In WeensyOS, we arrange the boot sector so that control is transferred to start in bootstart.S. Though simple, this code needs to jump through a couple hoops, since the BIOS tries to be compatible with operating systems written for 20+-year-old 8086 processors. Once it's done, it passes control on to another routine -- namely, bootmain.
Read the comment at the head of bootstart.S. This assembly-language file starts the boot process. Don't worry about the assembly language itself!! Just read and understand the first comment.
Understand the comments and the code in print111os-boot.c.
Exercise 1. Answer the following question: Why are we lucky that the print111os-boot.c program is well under 510 bytes in length?
Exercise 2. Change the print111os-boot.c program so that it fills up the console with stars, not spaces. Run and test your operating system.
Exercise 3. Change the print111os-boot.c program so that it prints "111!" in red-on-white text. Run and test your operating system.
Hint: Check out this document on the "VGA Programming Model". In particular, search for "Figure 12" and read the text that follows.
The code you hand in should follow both Exercise 1 and Exercise 2, so it
should print 111!
in red-on-white against a background of
stars.
Exercise 4. print111os-boot.c accesses the video hardware using both memory-mapped I/O and programmed I/O (I/O port instructions). Which hardware feature corresponds to each method?
The Print111 version of WeensyOS is really small: it supports only one process! There's nothing wrong with such a simple operating system; in fact, operating systems for embedded processors, like the things that run in your toaster or your car, often support exactly one process. But of course, it is far more powerful to support multiple processes at a time. This makes more efficient use of the computer's resources; for example, while one process waits for data to be retrieved from a disk, another process can go ahead with its work.
The PasswdOS is about the simplest multi-process operating system you
can imagine.
It supports two processes, a password printer and a password
checker.
The printer writes a password to the checker.
The checker compares that password to the "correct" password; if they
agree, it prints "Y
" to the screen, and if they don't, it
prints "N
".
The processes in PasswdOS use cooperative multitasking.
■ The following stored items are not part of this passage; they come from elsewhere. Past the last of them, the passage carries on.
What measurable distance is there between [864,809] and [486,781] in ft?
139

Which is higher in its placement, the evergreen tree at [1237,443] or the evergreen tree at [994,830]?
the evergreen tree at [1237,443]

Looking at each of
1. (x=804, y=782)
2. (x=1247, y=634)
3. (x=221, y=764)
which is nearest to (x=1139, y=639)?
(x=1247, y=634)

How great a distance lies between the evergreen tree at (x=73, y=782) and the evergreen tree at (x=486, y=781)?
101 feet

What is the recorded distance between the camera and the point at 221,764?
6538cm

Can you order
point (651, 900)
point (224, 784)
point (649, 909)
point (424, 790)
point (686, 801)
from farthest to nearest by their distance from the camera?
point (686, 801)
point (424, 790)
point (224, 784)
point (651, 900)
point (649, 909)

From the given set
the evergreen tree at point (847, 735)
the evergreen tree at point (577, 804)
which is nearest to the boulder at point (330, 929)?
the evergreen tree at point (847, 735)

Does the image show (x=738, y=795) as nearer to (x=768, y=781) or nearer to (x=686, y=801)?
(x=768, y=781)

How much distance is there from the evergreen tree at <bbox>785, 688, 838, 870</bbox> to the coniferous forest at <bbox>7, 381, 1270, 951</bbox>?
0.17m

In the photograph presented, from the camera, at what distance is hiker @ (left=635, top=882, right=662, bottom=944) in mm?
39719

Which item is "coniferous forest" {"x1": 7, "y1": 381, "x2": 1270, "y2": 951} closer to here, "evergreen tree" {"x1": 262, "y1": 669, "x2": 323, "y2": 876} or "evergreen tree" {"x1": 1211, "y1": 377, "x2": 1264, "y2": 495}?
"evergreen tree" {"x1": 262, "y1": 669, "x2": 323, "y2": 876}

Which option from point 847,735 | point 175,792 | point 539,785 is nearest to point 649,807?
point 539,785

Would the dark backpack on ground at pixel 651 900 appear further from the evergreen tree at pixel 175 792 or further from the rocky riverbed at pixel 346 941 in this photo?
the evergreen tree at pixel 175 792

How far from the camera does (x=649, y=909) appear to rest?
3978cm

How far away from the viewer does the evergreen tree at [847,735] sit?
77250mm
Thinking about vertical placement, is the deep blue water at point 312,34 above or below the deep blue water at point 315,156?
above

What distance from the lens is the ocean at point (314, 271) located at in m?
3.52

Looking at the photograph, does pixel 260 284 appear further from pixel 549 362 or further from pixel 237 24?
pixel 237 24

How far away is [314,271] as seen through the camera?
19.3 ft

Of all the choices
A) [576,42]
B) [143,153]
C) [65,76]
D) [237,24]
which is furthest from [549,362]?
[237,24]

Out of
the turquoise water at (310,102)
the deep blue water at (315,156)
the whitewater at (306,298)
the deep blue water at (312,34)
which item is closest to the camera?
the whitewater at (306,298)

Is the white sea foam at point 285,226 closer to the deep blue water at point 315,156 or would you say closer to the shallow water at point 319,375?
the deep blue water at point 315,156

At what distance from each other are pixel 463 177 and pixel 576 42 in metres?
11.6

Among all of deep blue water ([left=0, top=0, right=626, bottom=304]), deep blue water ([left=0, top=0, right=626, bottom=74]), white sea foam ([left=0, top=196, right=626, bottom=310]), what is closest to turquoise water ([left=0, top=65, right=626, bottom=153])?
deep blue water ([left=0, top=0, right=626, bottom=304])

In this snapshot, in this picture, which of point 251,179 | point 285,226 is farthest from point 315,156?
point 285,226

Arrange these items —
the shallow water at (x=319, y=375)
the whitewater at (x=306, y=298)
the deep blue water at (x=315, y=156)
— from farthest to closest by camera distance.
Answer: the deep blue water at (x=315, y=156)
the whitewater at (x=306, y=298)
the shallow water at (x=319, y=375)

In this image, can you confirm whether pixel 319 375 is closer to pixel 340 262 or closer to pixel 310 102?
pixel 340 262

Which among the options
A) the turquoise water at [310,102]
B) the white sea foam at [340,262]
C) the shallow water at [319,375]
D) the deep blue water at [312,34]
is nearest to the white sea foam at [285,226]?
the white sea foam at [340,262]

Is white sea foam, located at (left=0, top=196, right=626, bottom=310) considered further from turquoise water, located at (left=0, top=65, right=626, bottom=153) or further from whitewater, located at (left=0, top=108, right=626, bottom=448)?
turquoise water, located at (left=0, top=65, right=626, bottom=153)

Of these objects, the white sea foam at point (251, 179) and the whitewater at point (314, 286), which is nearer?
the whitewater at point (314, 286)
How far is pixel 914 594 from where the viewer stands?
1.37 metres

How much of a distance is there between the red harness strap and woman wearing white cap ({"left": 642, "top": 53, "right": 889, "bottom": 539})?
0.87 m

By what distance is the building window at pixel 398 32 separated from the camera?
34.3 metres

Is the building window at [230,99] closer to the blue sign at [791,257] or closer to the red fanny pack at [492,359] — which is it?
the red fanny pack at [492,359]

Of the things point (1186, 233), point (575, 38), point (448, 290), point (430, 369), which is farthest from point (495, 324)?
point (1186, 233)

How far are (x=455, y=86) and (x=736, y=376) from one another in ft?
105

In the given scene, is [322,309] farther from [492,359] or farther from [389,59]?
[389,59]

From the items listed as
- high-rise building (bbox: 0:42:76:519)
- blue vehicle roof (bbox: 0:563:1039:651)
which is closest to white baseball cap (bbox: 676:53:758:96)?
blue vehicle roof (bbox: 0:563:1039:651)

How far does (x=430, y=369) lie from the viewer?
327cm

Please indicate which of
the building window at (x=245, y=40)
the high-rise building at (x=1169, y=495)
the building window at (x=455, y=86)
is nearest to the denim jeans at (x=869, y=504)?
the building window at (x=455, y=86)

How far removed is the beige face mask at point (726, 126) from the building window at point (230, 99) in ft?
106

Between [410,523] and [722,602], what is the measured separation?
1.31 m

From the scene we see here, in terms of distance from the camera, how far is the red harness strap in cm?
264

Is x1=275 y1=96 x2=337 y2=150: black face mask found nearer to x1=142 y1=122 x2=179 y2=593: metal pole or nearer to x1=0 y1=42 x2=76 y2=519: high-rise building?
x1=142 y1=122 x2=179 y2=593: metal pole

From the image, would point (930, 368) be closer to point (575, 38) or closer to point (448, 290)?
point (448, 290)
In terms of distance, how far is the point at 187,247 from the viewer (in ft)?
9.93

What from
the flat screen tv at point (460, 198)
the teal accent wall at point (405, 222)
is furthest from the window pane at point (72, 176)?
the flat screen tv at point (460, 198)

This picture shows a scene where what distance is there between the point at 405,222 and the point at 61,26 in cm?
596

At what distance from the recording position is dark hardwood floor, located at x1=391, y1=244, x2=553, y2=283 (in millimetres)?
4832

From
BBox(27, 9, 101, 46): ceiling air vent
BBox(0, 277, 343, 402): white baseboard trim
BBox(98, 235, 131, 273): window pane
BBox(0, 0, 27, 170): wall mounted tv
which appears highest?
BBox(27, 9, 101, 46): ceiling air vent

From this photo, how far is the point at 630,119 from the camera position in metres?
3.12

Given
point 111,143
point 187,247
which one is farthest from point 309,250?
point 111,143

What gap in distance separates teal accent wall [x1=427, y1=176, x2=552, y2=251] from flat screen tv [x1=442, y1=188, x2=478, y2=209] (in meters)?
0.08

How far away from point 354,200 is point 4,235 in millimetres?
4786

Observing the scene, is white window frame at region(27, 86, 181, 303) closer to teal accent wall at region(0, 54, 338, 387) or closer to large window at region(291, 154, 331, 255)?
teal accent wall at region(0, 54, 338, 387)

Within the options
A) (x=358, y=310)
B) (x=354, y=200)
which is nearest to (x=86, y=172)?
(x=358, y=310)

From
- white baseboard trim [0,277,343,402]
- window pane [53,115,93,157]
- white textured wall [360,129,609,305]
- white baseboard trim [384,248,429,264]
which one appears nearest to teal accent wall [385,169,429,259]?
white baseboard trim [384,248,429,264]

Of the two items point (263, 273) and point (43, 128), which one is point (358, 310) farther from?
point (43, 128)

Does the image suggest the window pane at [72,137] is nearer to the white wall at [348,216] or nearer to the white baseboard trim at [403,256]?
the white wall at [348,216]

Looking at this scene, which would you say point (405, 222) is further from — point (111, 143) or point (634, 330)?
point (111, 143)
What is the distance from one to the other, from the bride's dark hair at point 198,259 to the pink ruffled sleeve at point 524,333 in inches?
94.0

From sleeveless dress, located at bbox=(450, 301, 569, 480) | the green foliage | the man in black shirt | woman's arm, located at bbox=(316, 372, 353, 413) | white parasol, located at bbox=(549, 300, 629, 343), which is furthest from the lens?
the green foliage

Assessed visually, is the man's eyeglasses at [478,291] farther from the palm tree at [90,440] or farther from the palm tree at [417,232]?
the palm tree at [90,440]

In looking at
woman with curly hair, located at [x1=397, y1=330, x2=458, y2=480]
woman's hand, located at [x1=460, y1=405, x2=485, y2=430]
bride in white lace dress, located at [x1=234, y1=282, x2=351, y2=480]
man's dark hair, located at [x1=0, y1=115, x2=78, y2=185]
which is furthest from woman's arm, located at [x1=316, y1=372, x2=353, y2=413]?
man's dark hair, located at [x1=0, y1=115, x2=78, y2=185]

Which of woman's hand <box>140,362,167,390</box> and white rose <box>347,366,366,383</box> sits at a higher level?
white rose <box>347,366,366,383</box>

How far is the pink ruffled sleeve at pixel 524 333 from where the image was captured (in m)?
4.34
That is, processes give up control voluntarily. If one of the processes went into an infinite loop, the machine would entirely stop. This contrasts with preemptive multitasking, in which a trusted OS component (the kernel) can force an uncooperative process to give up control. Preemptive multitasking is more robust than cooperative multitasking, meaning it's more resilient to errors. However, it is slightly more complex, and preemption is by definition slower than cooperative multitasking. All modern PC-class operating systems use preemptive multitasking, but don't forget that cooperative multitasking exists: we will see how to use it in your own programs.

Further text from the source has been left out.